Robots often have a tough time planning their actions, in part because they don’t intutively know how to focus their actions and what information and objects can be ignored. This can lead to a big problem called the state-space explosion, in which a robot is faced with too many options.
“It’s a really tough problem,” said Stefanie Tellex, assistant professor of computer science at Brown. “We want robots that have capabilities to do all kinds of different things, but then the space of possible actions becomes enormous. We don’t want to limit the robot’s capabilities, so we have to find ways to shrink the search space.”
One of Tellex’s graduate students, David Abel has led the effort to solve this problem and narrow down the options to a reasonable number. Tellex and her students hope their algorithm will solve that problem, narrowing the options down to something reasonable.
The algorithm created at Brown enhances a robot’s performance using what the researchers call goal-based action priors: sets of objects and actions that are likely helpful to achieve the goal. Priors can be provided by an outside expert, but ideally, the software itself learns how to extract priors by trial and error.
The researchers say the video game Minecraft was perfect for testing how well the algorithm selected priors.
“Minecraft is a really good a model of a lot of these robot problems,” Tellex said. “There’s a huge space of possible actions somebody playing this game can do, and it’s really cheap and easy to collect a ton of training data. It’s much harder to do that in the real world.”
The researchers began by building small domains of just a few blocks, in a model of Minecraft. They then gave a character a goal, such as mining buried gold or crossing a chasm. The character used the algorithm to try different methods to achieve the goal and learn the appropriate priors.
“It’s able to learn that if you’re standing next to a trench and you’re trying to walk across, you can place blocks in the trench. Otherwise don’t place blocks,” Tellex said. “If you’re trying to mine some gold under some blocks, destroy the blocks. Otherwise don’t destroy blocks.”

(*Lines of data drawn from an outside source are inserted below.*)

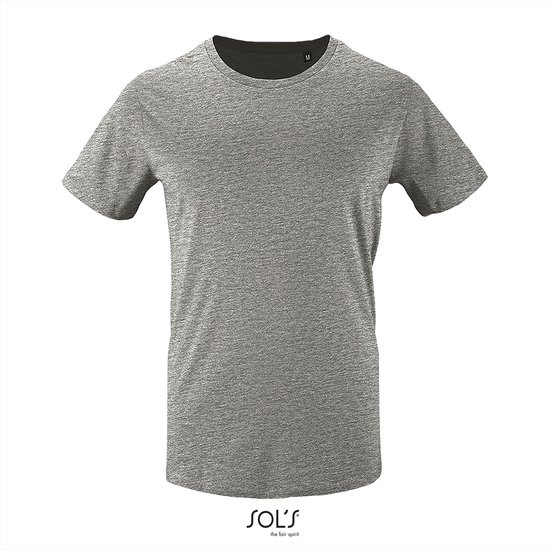 SOL'S - Milo T-Shirt - Grijs - 100% Biologisch Katoen - XL
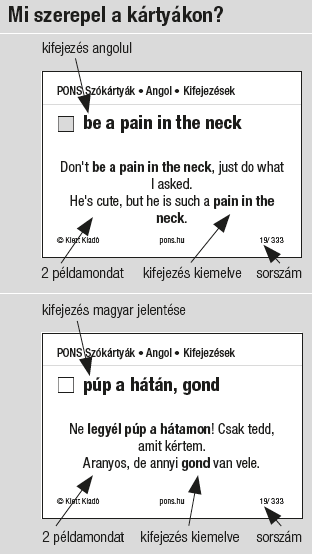 PONS Szókártyák - Angol - MI szerepel a kártyákon?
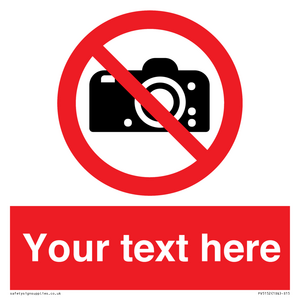 PV5152: Custom No photography Sign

After the algorithm tried the task several times and attempted to learn the priors in one domain, they would move it to another. The Brown team found that the algorithm was, in fact, able to apply what it had learned and complete the task in new domains faster than standard planning algorithms.
The researchers then tested their algorithm using a real robot. The goal: help a human bake brownies. The algorithm was given with several action priors for the task. For example, one prior let the robot know that eggs often need to be beaten with a whisk. So when a carton of eggs appears in the robot’s workspace, it is able to anticipate the cook’s need for a whisk and hand him one.
Tellex says the results indicate that goal-based action priors are a viable strategy to help robots function well in unstructured environments.